Sebelumnya Rabu 12/1/2022 Majelis Hakim Pengadilan Negeri Surabaya memvonis 2 Terdakwa Polisi aktif penganiaya jurnalis Nurhadi dengan hukuman 10 bulan penjara dan membayar restitusi 35 juta rupiah lebih. Terdakwa yang berdinas di Polda Jatim itu terbukti bersalah melanggar Undang-undang Pers pasal 18 ayat (1); menyekap dan menganiaya Nurhadi. Peralatan jurnalistiknya dilucuti dan data di dalamnya dihapus saat korban Nurhadi menjalankan kerja jurnalistik di Surabaya, akan meminta konfirmasi mantan Direktur Pemeriksaan Direktorat Jenderal Pajak Kementerian Keuangan, Angin Prayitno Aji yang terlibat kasus suap pajak,
JPU menuntut dua Terdakwa Bripka Purwanto dan Brigadir Muhammad Firman Subkhi hukuman masing-masing 1 tahun 6 bulan penjara. Namun Majelis Hakim memutus 10 bulan penjara, tidak sampai 2/3 tuntutan JPU. Itupun tanpa perintah memasukkan terpidana ke dalam tahanan/penjara. Dalam tulisan sebelum ini yang dimuat oleh ratusan media/jurnalis anggota PJI, saya mengistilahkan vonis hukuman seperti itu, “Vonis Banci” atau “setengah-setengah”. Penilaian saya, Majelis Hakim tidak cukup serius mengadili dan memutus perkara itu.

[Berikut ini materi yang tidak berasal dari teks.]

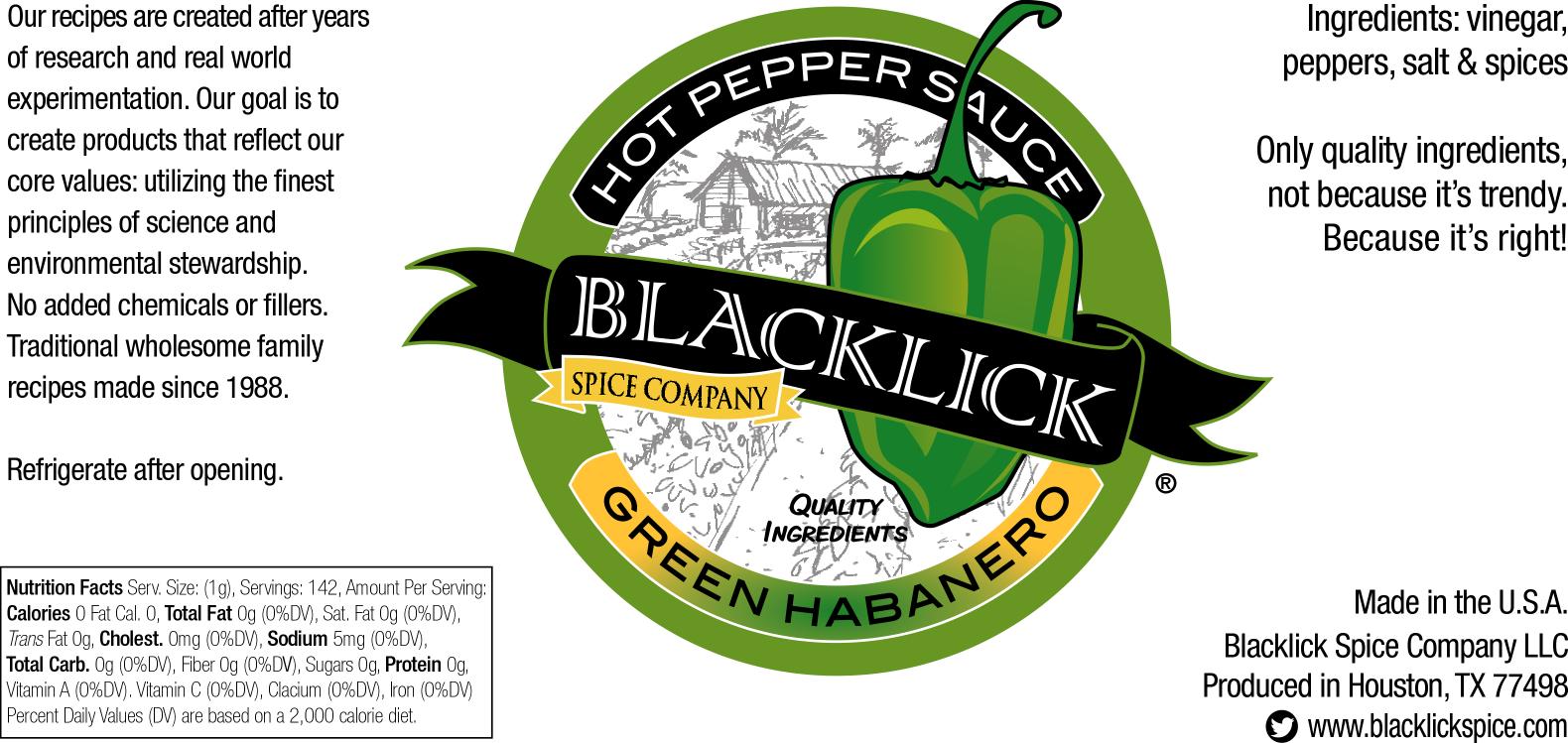 Green Habanero - Blacklick Spice Company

Terlebih bila infornasi yang saya dapat benar bahwa 2 tersangka/terdakwa oknum Polisi itu berstatus tahanan kota, maka nyaris dipastikan terjadi “Sandiwara Hukum/Keadilan”. Sampai putusan berkekuatan hukum tetap (inkracht van gewijsde), terpidana tidak menjalani hukuman penjara. Saya tetap berharap info ini salah.
Majelis Hakim di semua tingkatan peradilan seyogyanya bisa menjadi “alat ukur keadilan” dalam artian sebenar-benarnya. Majelis Hakim Pengadilan Tinggi Jatim saya harapkan memutus hukuman berat/maksimal bagi 2 Terdakwa Polisi aktif itu yang tentunya sangat paham perbuatannya melanggar hukum. Jadi selayaknya menjadi alasan pemberatan bagi Majelis.
2 oknum Polisi Polda Jatim itu juga melecehkan Kapolri. Kapolri dan Ketua Dewan Pers telah menanda-tangani Nota Kesepahaman yang pada intinya saling menghargai kerja jurnalis dan Polri. Jadi institusi Polri seyogyanya memberi tambahan hukuman administratif yang tegas bagi anggotanya itu.
Tak pelak hukuman berat akan menjadi peringatan/penegasan/pelajaran bagi semua pihak agar tidak sembarangan menghalangi kerja jurnalis yang benar.